So you don't have to waste your time reading anything more about swine flu for at least the rest of the week, here is an excellent article from Slate. I like how he puts the number into perspective though the use of the term "kill rate" gives me the creeps.
All this affects the apparent significance of the numbers involved. Of the 110 million people in Mexico, 1,600 cases have been reported, with about 100 deaths—suggesting a mortality rate of 6 percent.
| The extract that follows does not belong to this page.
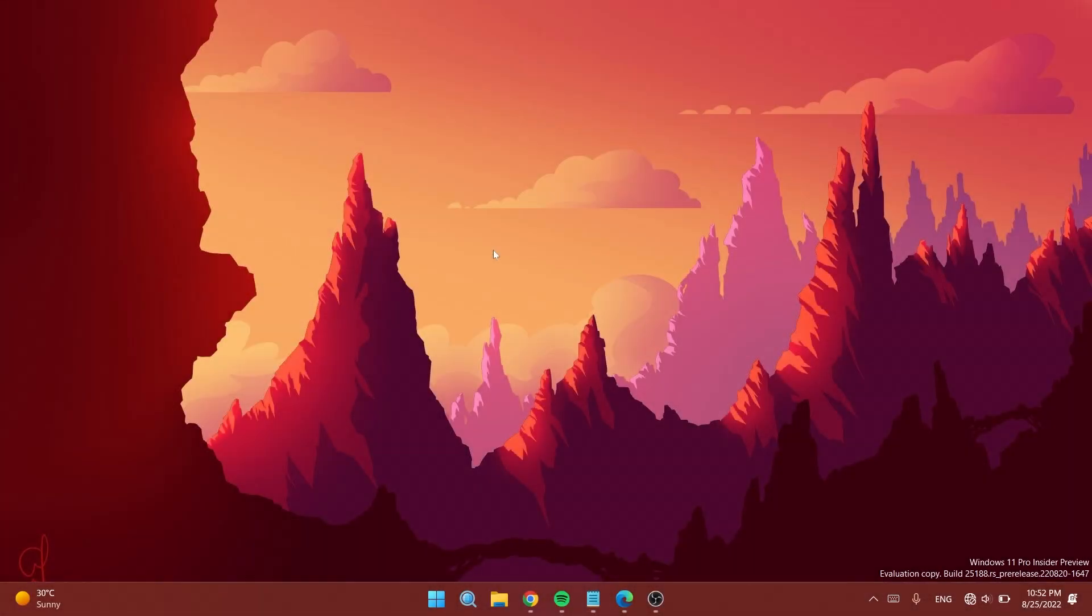Hi guys and welcome to Tech Based. In this video, I'm going to show you how to enable yet another hidden feature in the latest Windows 11 Dev Channel build 25188. As you all know, this build is somewhat smaller, but Microsoft is testing a few new things, including some hidden features.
This is almost certainly bad math, as the total case count almost certainly ignores thousands or tens of thousands of other cases that have taken milder courses like those in the United States. It's perfectly conceivable Mexico has actually had 10,000 or 100,000 cases—or even 1 million cases. If so, then the kill rate would be not 6 percent but 0.1 percent (given 10,000 cases) or 0.01 percent (given 100,000 cases). If it's 1 million cases (quite possible if this thing really spreads easily) then the mortality rate is just 1 in 10,000. Meanwhile, because the United States is on high alert—and can take special note of people with recent travel to Mexico—it is probably picking up a fairly high percentage of its cases, including milder instances that would have gone unnoticed in Mexico a few weeks ago.
He's also the only person I've read who points out the essential logic that extremely deadly viruses -- think Ebola -- don't spread rapidly because they kill the carriers too fast. Bottom line, hope for a virus that spreads quickly. It probably won't kill you.